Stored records
───

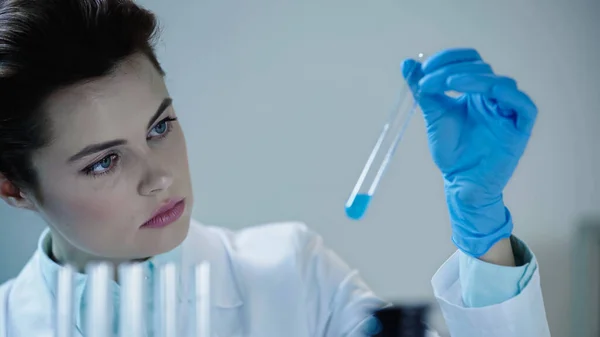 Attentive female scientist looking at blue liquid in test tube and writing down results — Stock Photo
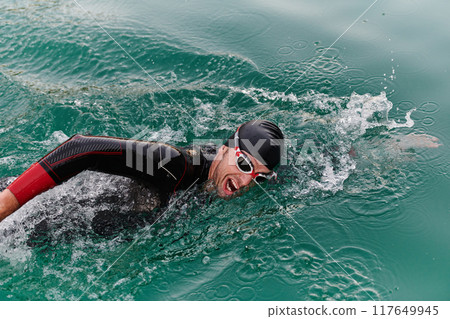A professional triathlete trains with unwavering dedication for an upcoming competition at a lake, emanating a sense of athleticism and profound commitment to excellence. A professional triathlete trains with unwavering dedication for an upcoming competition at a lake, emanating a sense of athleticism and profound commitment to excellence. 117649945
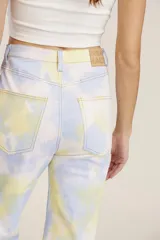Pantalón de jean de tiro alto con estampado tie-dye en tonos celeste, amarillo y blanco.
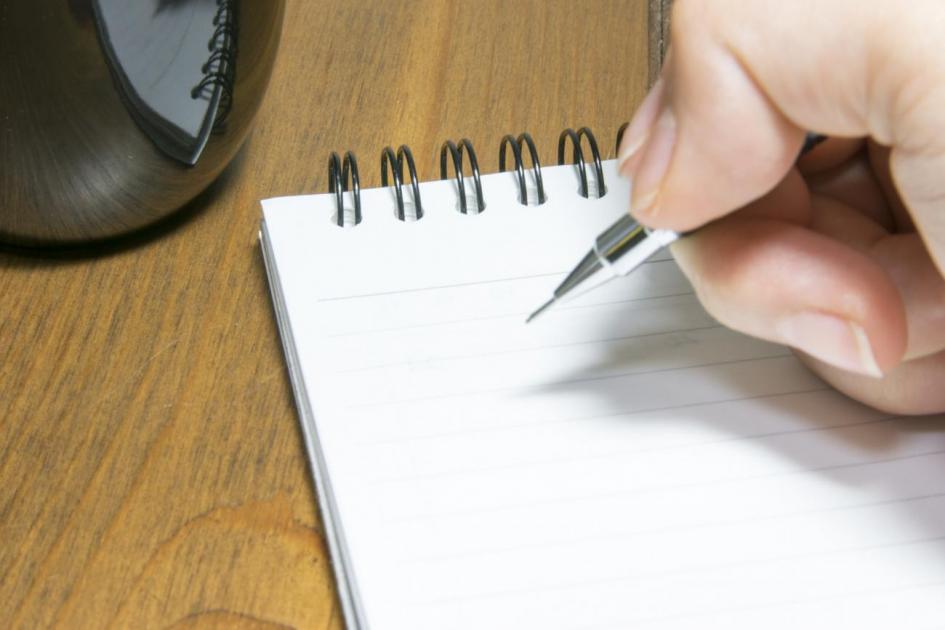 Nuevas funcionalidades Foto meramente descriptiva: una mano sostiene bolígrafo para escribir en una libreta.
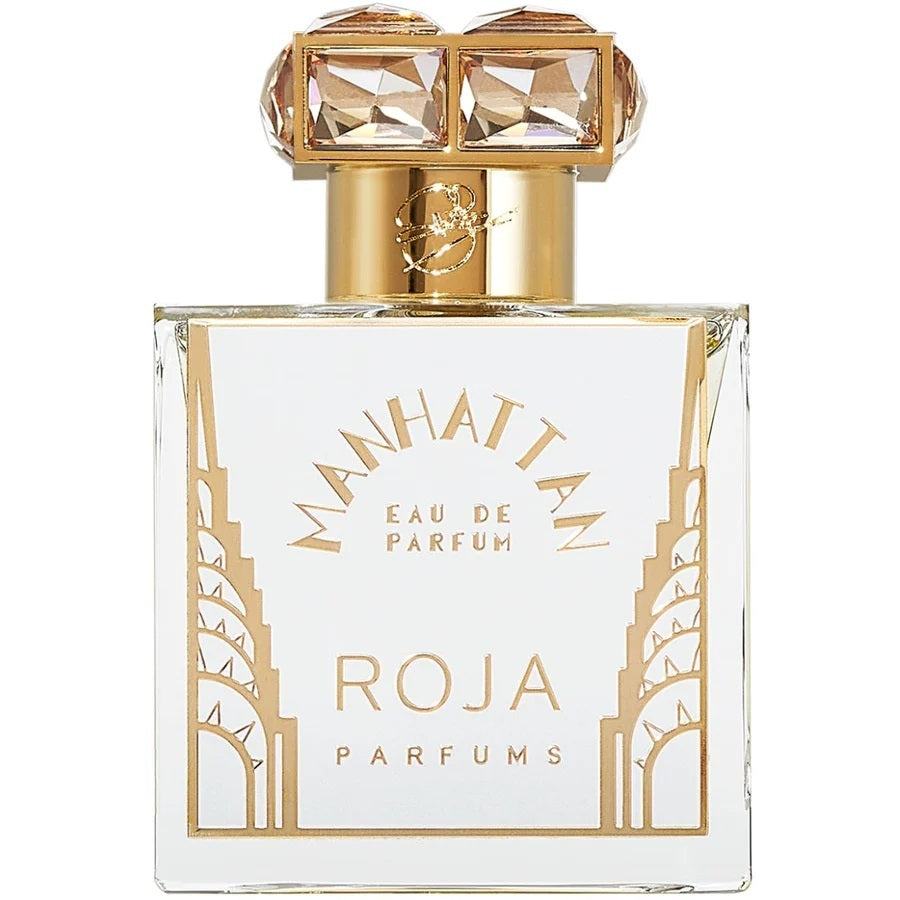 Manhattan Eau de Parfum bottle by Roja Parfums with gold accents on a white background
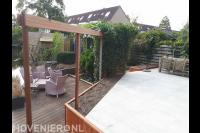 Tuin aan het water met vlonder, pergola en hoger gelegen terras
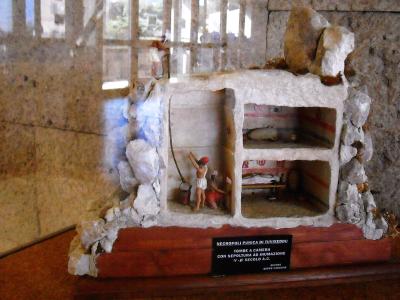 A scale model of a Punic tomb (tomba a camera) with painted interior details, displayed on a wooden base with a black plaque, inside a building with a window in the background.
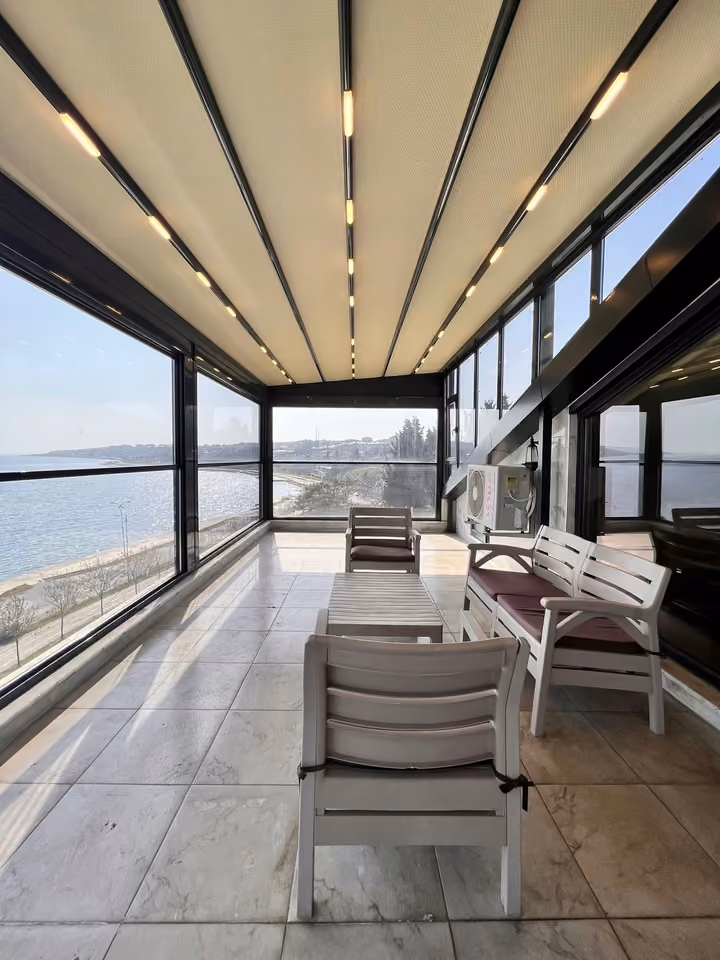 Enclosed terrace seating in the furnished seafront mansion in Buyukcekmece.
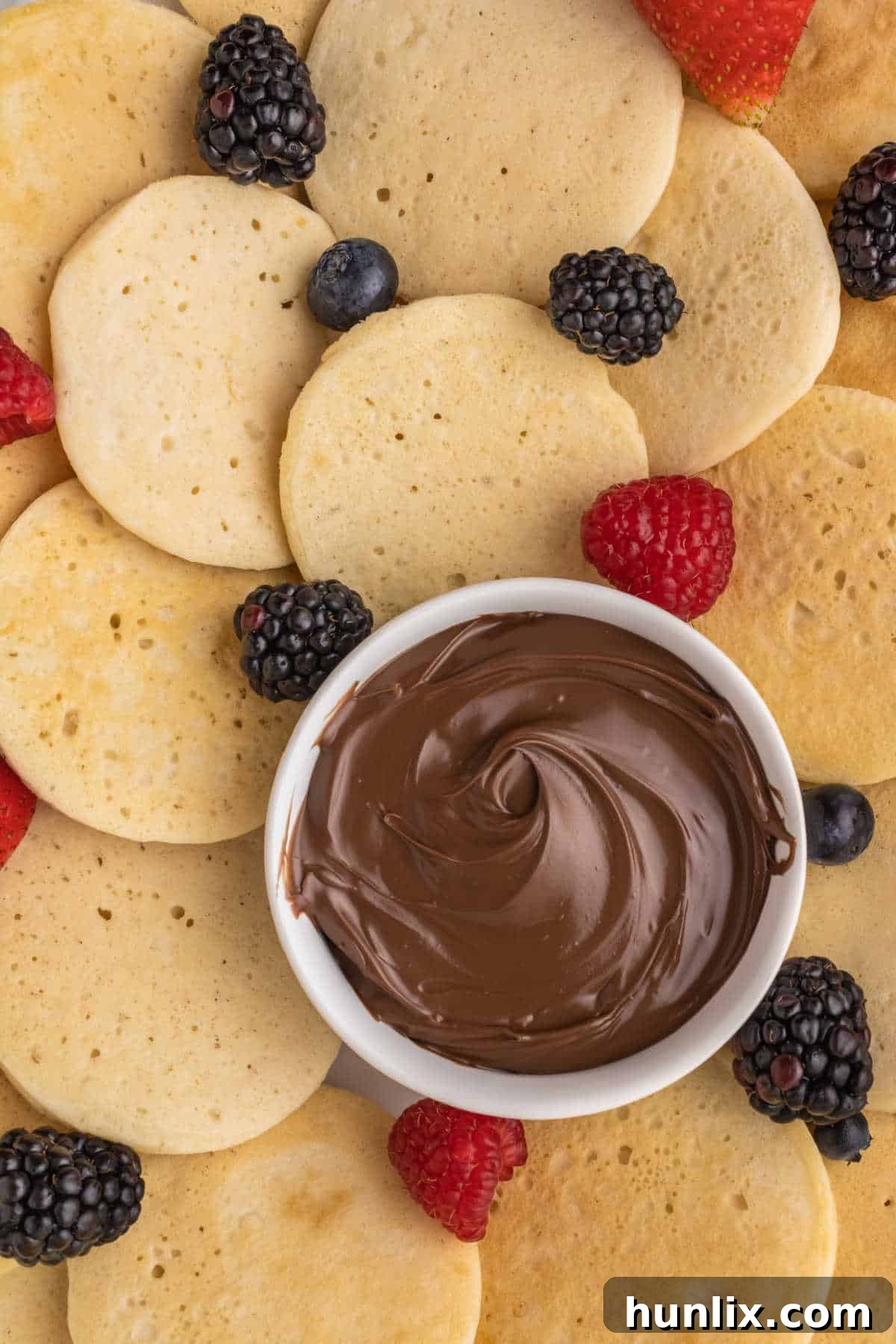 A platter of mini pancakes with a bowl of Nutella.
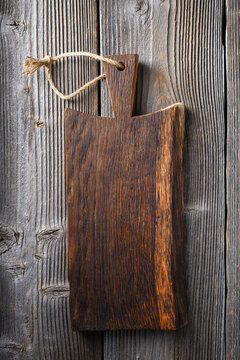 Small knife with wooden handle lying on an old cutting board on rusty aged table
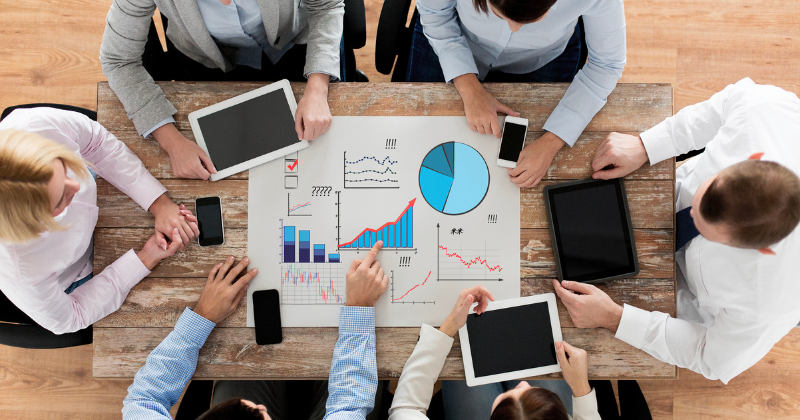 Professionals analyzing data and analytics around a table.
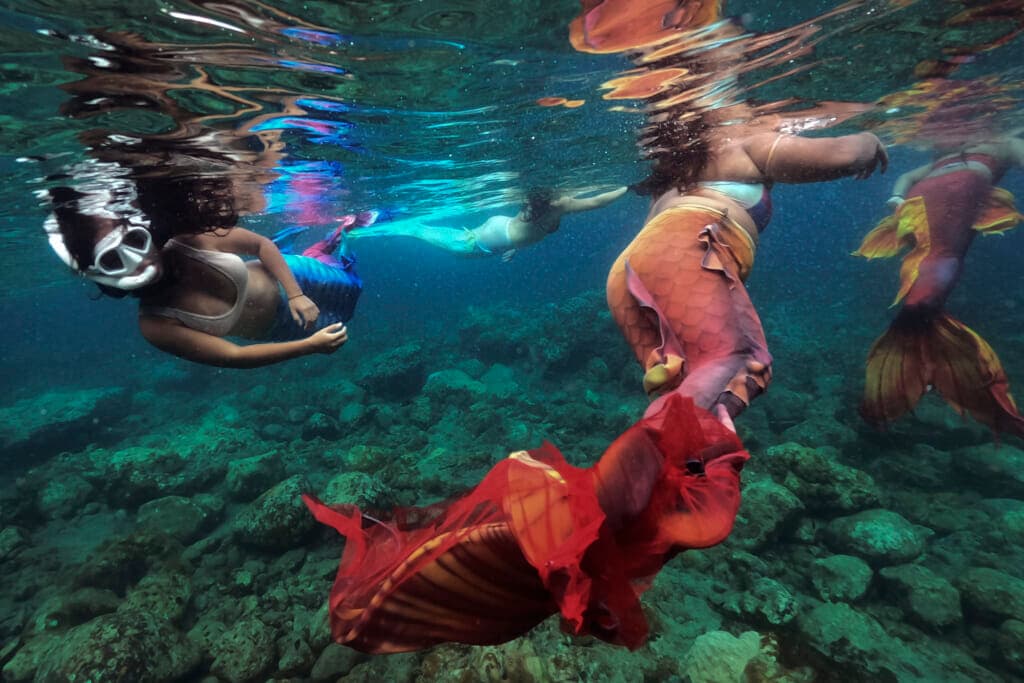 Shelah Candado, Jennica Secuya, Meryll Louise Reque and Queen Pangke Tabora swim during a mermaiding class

───

What is expected> Copy out all the data exactly. No images belong in the copy.

Solution to the exercise>
 Attentive female scientist looking at blue liquid in test tube and writing down results — Stock Photo
A professional triathlete trains with unwavering dedication for an upcoming competition at a lake, emanating a sense of athleticism and profound commitment to excellence. A professional triathlete trains with unwavering dedication for an upcoming competition at a lake, emanating a sense of athleticism and profound commitment to excellence. 117649945
Pantalón de jean de tiro alto con estampado tie-dye en tonos celeste, amarillo y blanco.
 Nuevas funcionalidades Foto meramente descriptiva: una mano sostiene bolígrafo para escribir en una libreta.
 Manhattan Eau de Parfum bottle by Roja Parfums with gold accents on a white background
 Tuin aan het water met vlonder, pergola en hoger gelegen terras
 A scale model of a Punic tomb (tomba a camera) with painted interior details, displayed on a wooden base with a black plaque, inside a building with a window in the background.
 Enclosed terrace seating in the furnished seafront mansion in Buyukcekmece.
 A platter of mini pancakes with a bowl of Nutella.
 Small knife with wooden handle lying on an old cutting board on rusty aged table
 Professionals analyzing data and analytics around a table.
 Shelah Candado, Jennica Secuya, Meryll Louise Reque and Queen Pangke Tabora swim during a mermaiding class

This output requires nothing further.